Brief descriptive captions
━━━━━━━━━━━━━━━━
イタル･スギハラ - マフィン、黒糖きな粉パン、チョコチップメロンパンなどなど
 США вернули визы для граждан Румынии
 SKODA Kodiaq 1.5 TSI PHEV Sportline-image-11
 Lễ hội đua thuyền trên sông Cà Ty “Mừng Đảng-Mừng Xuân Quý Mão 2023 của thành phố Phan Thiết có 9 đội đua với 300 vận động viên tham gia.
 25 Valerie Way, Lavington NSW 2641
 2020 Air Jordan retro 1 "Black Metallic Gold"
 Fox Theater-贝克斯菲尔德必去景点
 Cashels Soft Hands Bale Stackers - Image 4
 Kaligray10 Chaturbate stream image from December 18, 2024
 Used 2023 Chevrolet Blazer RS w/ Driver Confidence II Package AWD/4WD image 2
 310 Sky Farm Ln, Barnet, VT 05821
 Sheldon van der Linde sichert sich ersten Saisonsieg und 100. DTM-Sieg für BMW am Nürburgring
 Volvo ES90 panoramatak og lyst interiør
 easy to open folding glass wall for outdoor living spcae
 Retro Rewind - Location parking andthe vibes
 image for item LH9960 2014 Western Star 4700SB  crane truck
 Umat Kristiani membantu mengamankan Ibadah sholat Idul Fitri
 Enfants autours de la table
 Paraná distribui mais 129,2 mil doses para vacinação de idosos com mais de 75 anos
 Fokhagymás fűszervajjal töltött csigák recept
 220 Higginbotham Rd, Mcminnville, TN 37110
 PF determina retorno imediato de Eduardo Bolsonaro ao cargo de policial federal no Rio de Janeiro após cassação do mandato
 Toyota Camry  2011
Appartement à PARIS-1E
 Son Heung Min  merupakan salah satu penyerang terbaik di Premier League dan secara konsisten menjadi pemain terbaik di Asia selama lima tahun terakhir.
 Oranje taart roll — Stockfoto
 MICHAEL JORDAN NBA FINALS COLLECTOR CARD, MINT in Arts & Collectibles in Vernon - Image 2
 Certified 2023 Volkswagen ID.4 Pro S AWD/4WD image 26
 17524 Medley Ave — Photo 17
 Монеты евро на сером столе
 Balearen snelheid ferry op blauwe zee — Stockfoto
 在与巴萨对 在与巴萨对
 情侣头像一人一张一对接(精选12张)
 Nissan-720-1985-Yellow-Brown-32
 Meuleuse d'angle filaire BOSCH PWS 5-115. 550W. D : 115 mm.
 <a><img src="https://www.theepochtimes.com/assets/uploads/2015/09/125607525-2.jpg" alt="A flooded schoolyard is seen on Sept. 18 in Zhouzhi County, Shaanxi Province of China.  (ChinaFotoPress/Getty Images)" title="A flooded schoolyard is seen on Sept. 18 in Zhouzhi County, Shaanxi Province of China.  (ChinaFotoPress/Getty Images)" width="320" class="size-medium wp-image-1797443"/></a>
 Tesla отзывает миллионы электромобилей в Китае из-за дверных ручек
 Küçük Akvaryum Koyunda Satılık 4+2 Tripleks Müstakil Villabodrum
━━━━━━━━━━━━━━━━
* _Task to complete_
Pull out all lines of the data with the string "Stockfoto".

* _Response to this exercise_
 Oranje taart roll — Stockfoto
 Balearen snelheid ferry op blauwe zee — Stockfoto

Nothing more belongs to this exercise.